Should we just try to cram some butyl in that area, then rebed the chainplate with more butyl?

Any advice would be appreciated.

Thanks.
 

·
Master Mariner
Joined
·
9,225 Posts
Once again, I would suggest you use bedding compound, a product specifically made for bedding things on a boat. It is easy to use, clean up and fairly cheap. I've been using it for over 50 years, with great success.
 

Attachments

  • Like
Reactions: christian.hess

·
Registered
Corsair 24
Joined
·
4,594 Posts
btw even after removal and the slot is too thin you can use flat files and rat tail files to enlarge and bevel the edges...

a dremel isnt the only thing you can use for this

I did so mostly with files...bevel at a 45 degree angle or so after enlarging holes since my plates were oversized a bit...

no hard spots AGAINST the plates is paramount...in other words have equal space on all sides...

use whatever you like really...like capta says I wush I had stuff designed for these types of jobs down here but its really basic stuff

to pot just seal up the bottom or simply brush on epoxy a couple of times, let dry and file away...

cheers
 

·
Registered
Joined
·
3,648 Posts
Which core are you talking about? The deck core? is it bare wood/balsa ends ? is it wet? are you trying to dig out wet core, fill with epoxy to fill and seal then re-bed the chain plates?
 

·
Registered
Bristol 29.9
Joined
·
378 Posts
Discussion Starter · #6 ·
We thought from everything we had read that it was standard procedure to dig out some deck core around the chainplate and fill it with epoxy. However, given that there was no sign of goo or softness down below and the tap test on the deck revealed no change in sound, we decided to simply polish the heck out of the chainplates and rebed with the butyl tape. The chainplates looked good. No rusting, only the tiniest of surface imperfections.

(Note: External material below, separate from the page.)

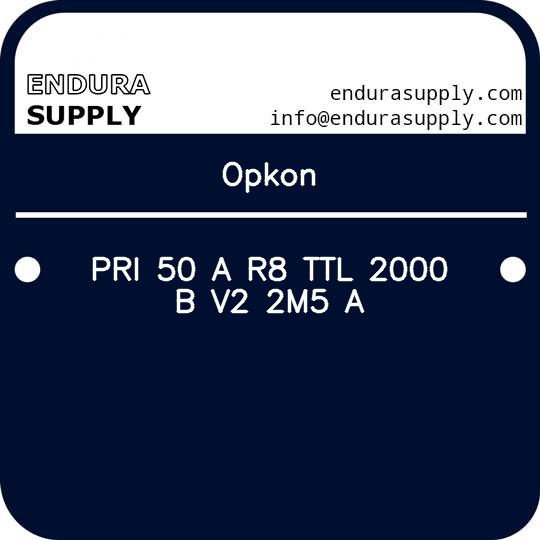 opkon-pri-50-a-r8-ttl-2000-b-v2-2m5-a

We had not seen any moisture last season so we're thinking that the bit of moisture we found last month was due to a pile of snow from this long, cold winter. We seemed to have caught it early. At least that's what we think.

Hopefully we made the right call.
 

·
Senior Moment Member
Joined
·
13,300 Posts
The best thing you can do is to bevel the top of the slots - a rectangular countersink as it were. That way you will create an "O-ring" (rectangle ring?) of sealant - squeeze out can create voids or thin spots in the sealant otherwise.